**What you will do**
Omit the pictures and copy the entries exactly.

(The data Opens)

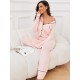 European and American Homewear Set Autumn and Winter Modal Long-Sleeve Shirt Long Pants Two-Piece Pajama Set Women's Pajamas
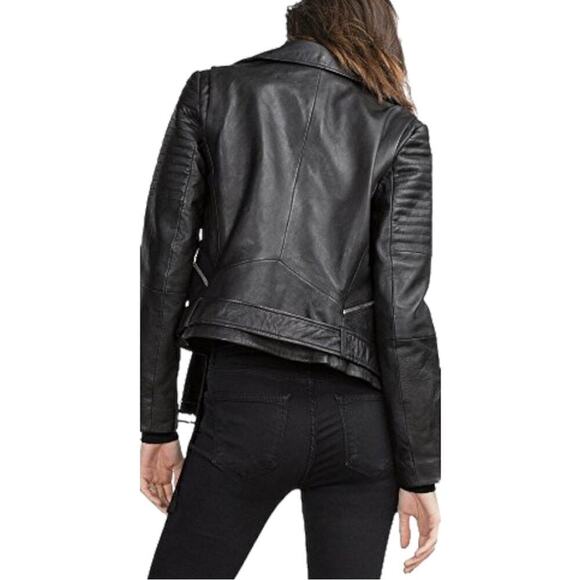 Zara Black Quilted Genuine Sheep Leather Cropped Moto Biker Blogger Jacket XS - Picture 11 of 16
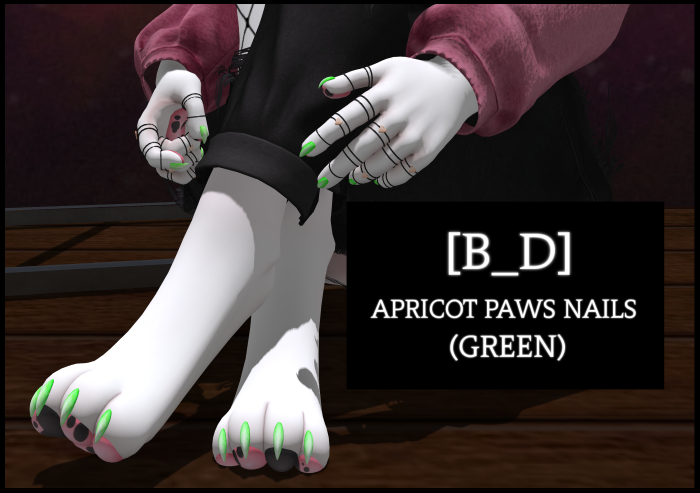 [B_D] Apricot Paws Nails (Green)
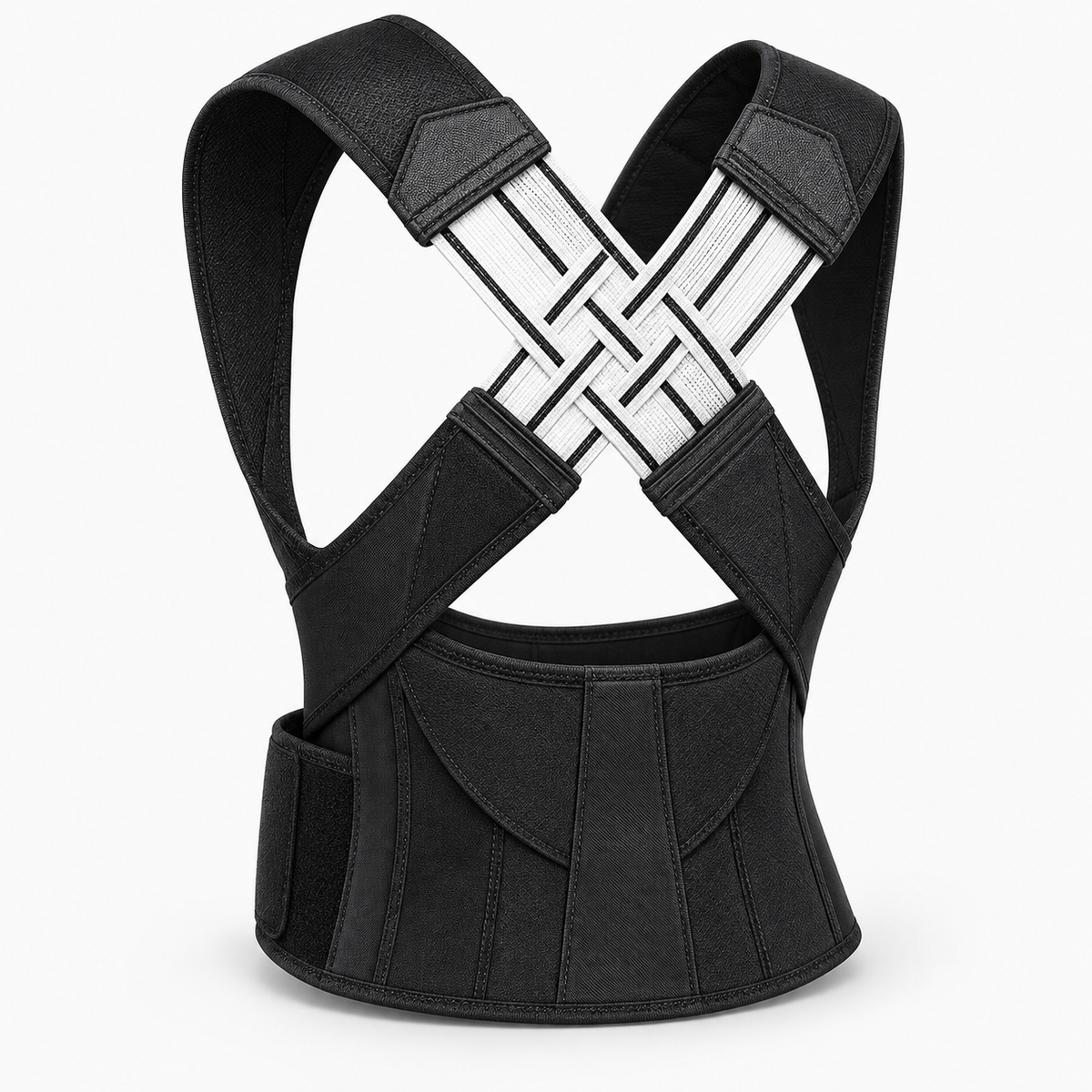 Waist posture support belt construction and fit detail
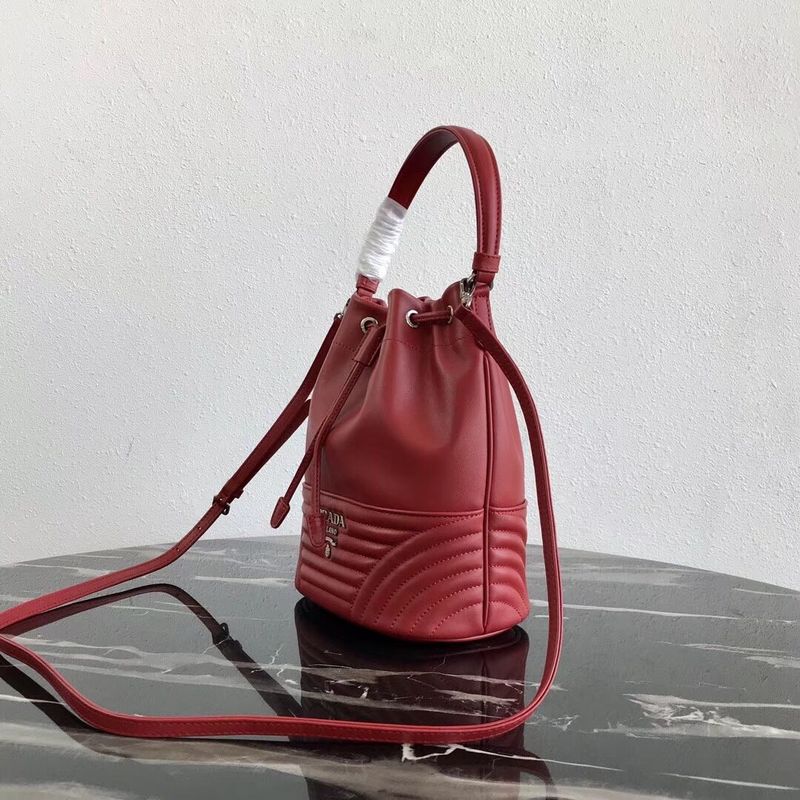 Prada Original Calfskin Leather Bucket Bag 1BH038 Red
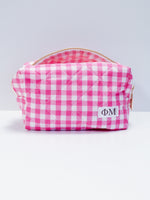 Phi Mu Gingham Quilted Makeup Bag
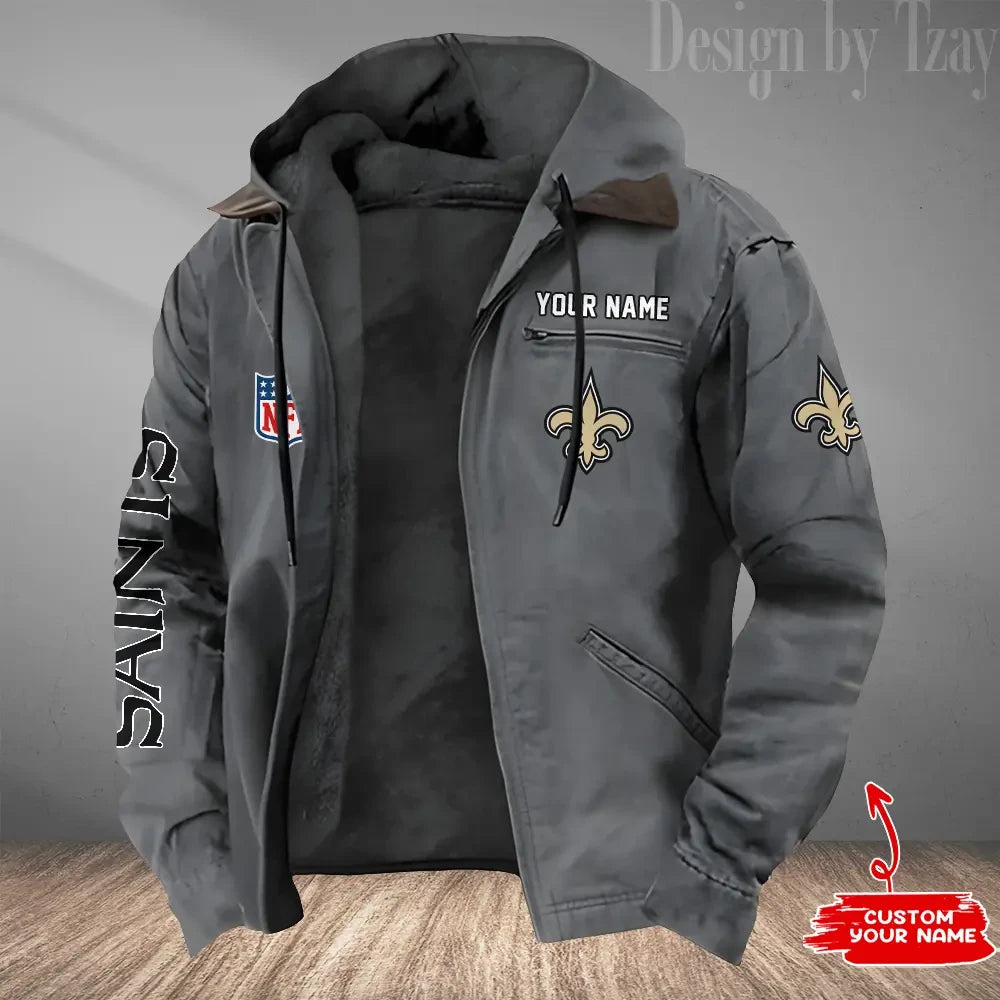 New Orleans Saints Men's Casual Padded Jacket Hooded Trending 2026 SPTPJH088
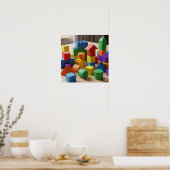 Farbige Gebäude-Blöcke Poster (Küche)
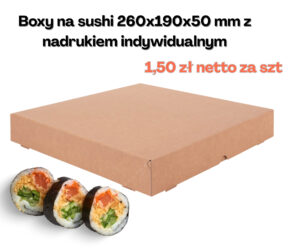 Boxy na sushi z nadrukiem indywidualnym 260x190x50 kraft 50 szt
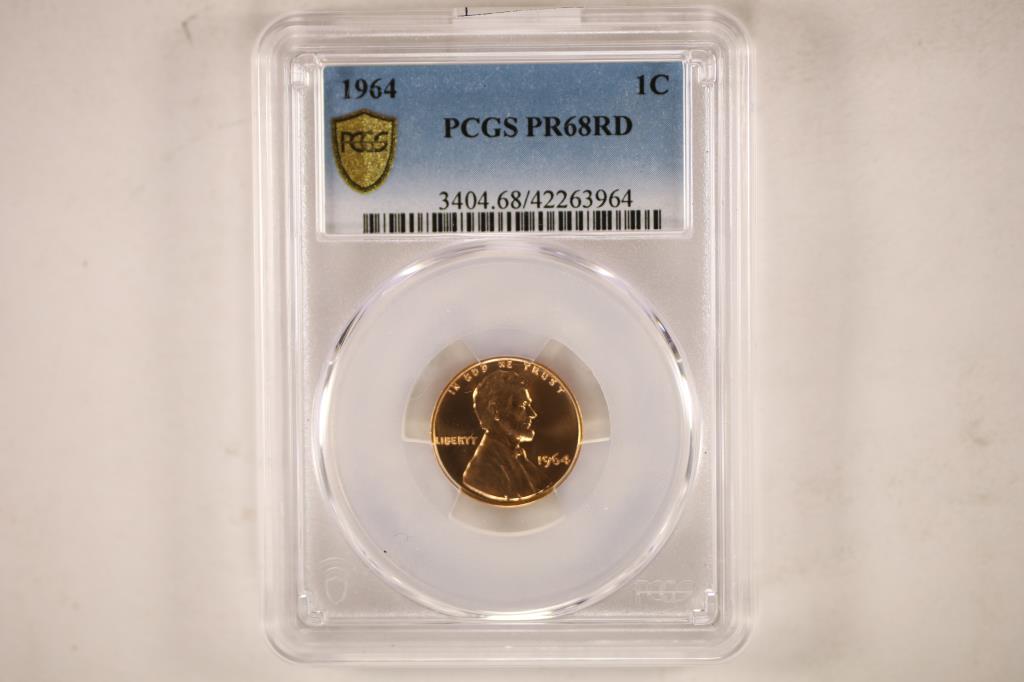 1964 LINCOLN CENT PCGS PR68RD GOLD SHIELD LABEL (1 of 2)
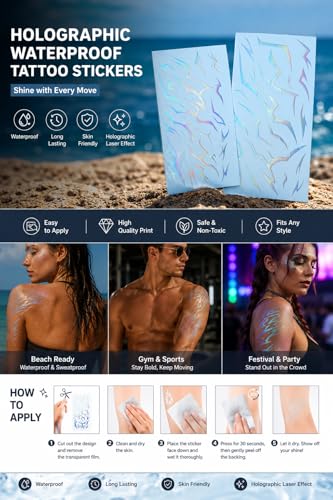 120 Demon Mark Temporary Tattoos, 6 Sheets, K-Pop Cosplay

(The data Closes)

**Answer space**
 European and American Homewear Set Autumn and Winter Modal Long-Sleeve Shirt Long Pants Two-Piece Pajama Set Women's Pajamas
 Zara Black Quilted Genuine Sheep Leather Cropped Moto Biker Blogger Jacket XS - Picture 11 of 16
 [B_D] Apricot Paws Nails (Green)
 Waist posture support belt construction and fit detail
 Prada Original Calfskin Leather Bucket Bag 1BH038 Red
 Phi Mu Gingham Quilted Makeup Bag
 New Orleans Saints Men's Casual Padded Jacket Hooded Trending 2026 SPTPJH088
 Farbige Gebäude-Blöcke Poster (Küche)
 Boxy na sushi z nadrukiem indywidualnym 260x190x50 kraft 50 szt
 1964 LINCOLN CENT PCGS PR68RD GOLD SHIELD LABEL (1 of 2)
 120 Demon Mark Temporary Tattoos, 6 Sheets, K-Pop Cosplay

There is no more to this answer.